[ale] Slackware questions for Slackware users

Geoffrey esoteric at 3times25.net
Sun Sep 28 07:25:54 EDT 2003


Greg wrote:
> I should preface this to say that I honestly hope that this does not
> devolve into some distro religious war or a thread hi-jacking into
> religion, politics, or any other discussion.  I would like to find
> out more about *this exact* distro before going to the trouble of
> downloading an ISO and playing with it.
> 
> I have only tried Mandrake (3 yrs ago), RH 7.3, and Suse 8.2 and
> OpenBSD - so I have some questions about the Slackware Linux distro.
> I am looking for some type of Linux distro that is less commercial
> than RH, Suse, etc.. to run on servers.

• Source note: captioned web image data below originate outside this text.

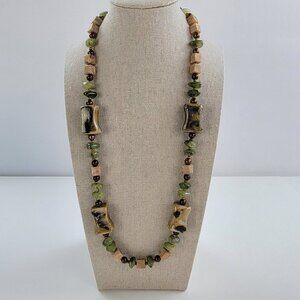 Vintage Signed Freirich Faux Gemstone Porcelain Beaded Necklace 25" Multicolor I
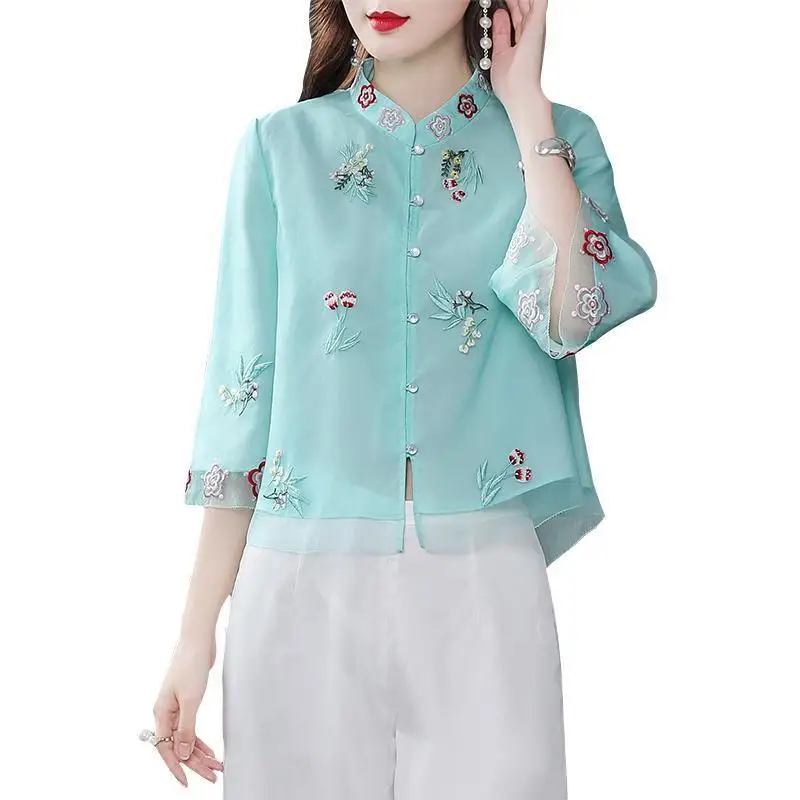 Spring and Autumn Ethnic Style Tang Suit Coat Retro Embroidery Button Chinese Top Women\'s Top Elegant Loose Blouse Chinese Top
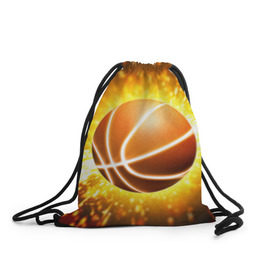 Рюкзак-мешок 3D с принтом Баскетбольный мяч , 100% полиэстер | плотность ткани — 200 г/м2, размер — 35 х 45 см; лямки — толстые шнурки, застежка на шнуровке, без карманов и подкладки | взрыв | искры | огонь | пламя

You're on the right track with Slack then.

> 
> 1.  What do you think are the main differences between Slackware and
> the rest ?

Slackware will provide you a smaller footprint.
It's built from tar files, not rpms or dep format.
It's a very fast install, when you're trying to create a small footprint 
or server for specific purposes (firewall, dns, dhcp..)

I view Slack much as you've noted above, less commercial.  It does not 
have the flashy install gui, although the install gui is perfectly 
sufficient for your needs.

You can install it on much older less capable hardware than all the rpm 
based dists (RH, Mandrake, SuSE).  I can't speak to Debian on that one.

> 
> 2.  How do you update ? is this the one that uses the apt-get stuff
> or is it via rpm's ?  The website only had a package/port  installer
> that looked similar to the BSD type system - which is fine by me.

Neither apt-get or rpm.  You download tar ball code, either precompiled 
or source.  Unpack precompiled and you're good.  Unpack the src code, 
compile it and install and you're good.

> 
> 3. Can a base install of only the kernel be achieved, without all of
> the unneeded (by me) crap of Sendmail, bind, mutt, etc., etc, .... ?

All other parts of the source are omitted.